Towards the radio-detection of cosmic particles with the SKA

Event starts: 
Tue, 05/05/2015
Event ends: 
Thu, 07/05/2015

The huge number of antenna elements and beam forming capability proposed for the SKA offers a unique opportunity for the investigation of cosmic rays via radio wave production from cascade showers produced either in the atmosphere or in the regolith of the moon, as outlined on two recent papers Huege et al. 2014 and Bray et al. 2014.

The aim of this workshop is to further facilitate the detection of energetic cosmic particles in the atmosphere and on the Moon with the SKA, and focus research efforts to maximise the science outcomes of such experiments. This includes not only work on the SKA itself, but milestones to be achieved during the lead-up to full SKA operation. The meeting will be held at Jodrell Bank Observatory, the radio astronomy facility of The University of Manchester, on 5th-7th May 2015, in proximity to the SKA Project Design Office, and historically where some of the earliest experiments on the detection of cosmic rays using radio techniques were undertaken.

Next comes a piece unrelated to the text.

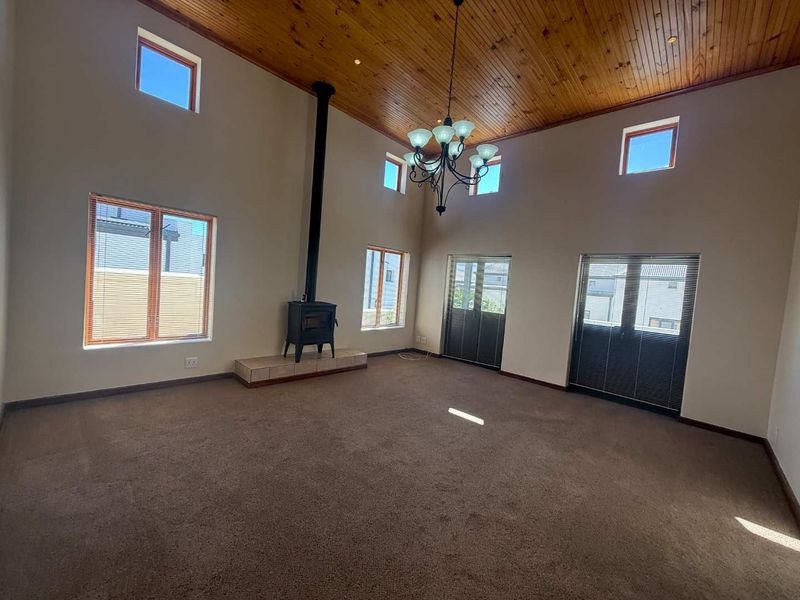 Spacious living room featuring a high vaulted timber ceiling, a freestanding wood-burning fireplace on a tiled hearth, and abundant natural light through large windows.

The lunar Askaryan technique has the potential to explore both the neutrino and cosmic-ray sky above 10^19 eV. Short ns-wide radio pulses are emitted by electromagnetic cascades produced by either cosmic rays or neutrinos interacting within the regolith of the moon. SKA-LOW and SKA-MID will be able to detect this emission at energies where the Pierre Auger Observatory and Telescope Array have seen the first hints of anisotropy and will dramatically increase the sensitive detection area to millions of km^2. Potentially SKA could also advance particle astronomy to the point where sources can be located directly.

Detection of air showers induced by cosmic rays of lower energies (~10^17 eV) in the atmosphere above SKA-LOW can be used to study the transition from Galactic to extragalactic sources with unprecedented precision regarding the mass composition of the primary particles. Such measurements, complementary to those at the Pierre Auger Observatory and others, are the key to disentangling the complex interplay of different particle species in producing the structures seen in the all-particle spectrum. Furthermore, near-field interferometry of the air shower radio emission will allow the study of cross sections and other particle physics aspects at energies beyond the reach of the LHC via detailed "tomography" of the electromagnetic cascades in air showers.